[Toybox] Fwd: config2help SEGFAULT

Jazzoo Watchman jazzoowatchman at gmail.com
Wed Nov 25 06:47:41 PST 2020


---------- Forwarded message ---------
From: Jazzoo Watchman <jazzoowatchman at gmail.com>
Date: Wed, Nov 25, 2020 at 8:14 AM
Subject: Re: [Toybox] config2help SEGFAULT
To: Rob Landley <rob at landley.net>


Rob,

Thank you for your time.  I have learned a great deal studying your work
and following you on and off since your time at the "fool."

My post was not meant in any way to criticize or second guess the code in
config2help.c.
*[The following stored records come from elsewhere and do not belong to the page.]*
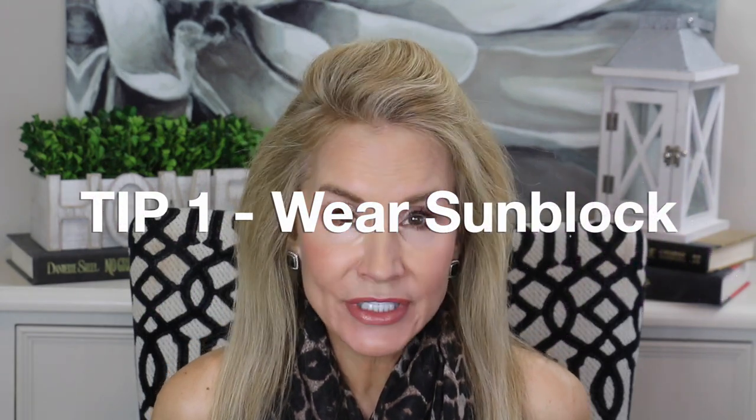Beauty tip number one is to wear your sun protection. My skin is pretty darn good for 63 years old, and the number one reason for that, in addition to a little bit of tretinoin, is sunblock — consistent use of sunblock every single day. This portion of my video is sponsored by SkinStore.com in honor of May, which is National Skin Cancer Awareness Month. I have been wearing sunblock every single day since I was 35 years old.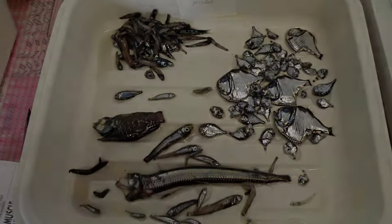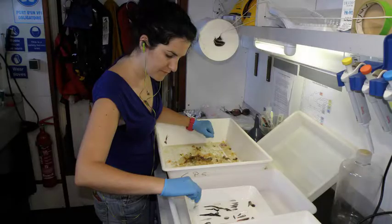This is part of the work I am doing: collecting at the end of the net, collecting the content and sorting it.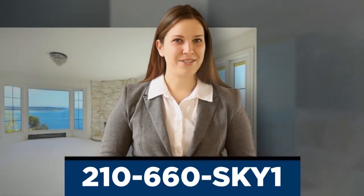To see exactly how our services can benefit you, we'd like to give you your very first aerial photo shoot for your next listing absolutely free. There is no obligation, so you've got nothing to lose. Simply call 210-660-SKY-1 or fill in the form on this page. Thank you.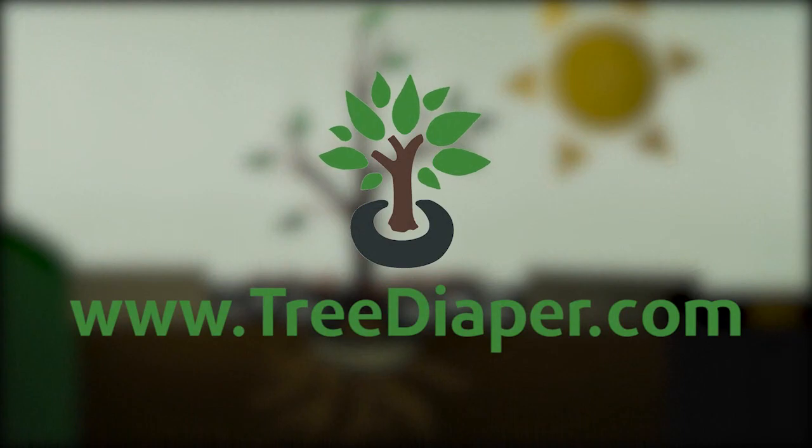Learn more at www.treediaper.com, and check out our case study on green infrastructures.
I seek to understand if my analysis follows the intent of
the author(s) or I missed the point entirely.  And on the off-chance that I
can help-out, to do so.

Cloned Toybox into a new folder.

Toybox builds cleanly.

I apologize for that distraction and thank you for the generous gift of
your time.

I'm trying to build a development environment for an arm926tj-s variant
device for a device that the OED and OEM have NOT released their source nor
their build tools.

Aboriginal-1.4.5 seems like a good starting point to generate the tools I'd
need.

Aboriginal has not been "touched" in 5 years ... but one can hope to stand
on the shoulders ...

If you can/will point me in a more fruitful direction I'd be grateful.

The following are the pieces to reproduce should you deem fit to comment.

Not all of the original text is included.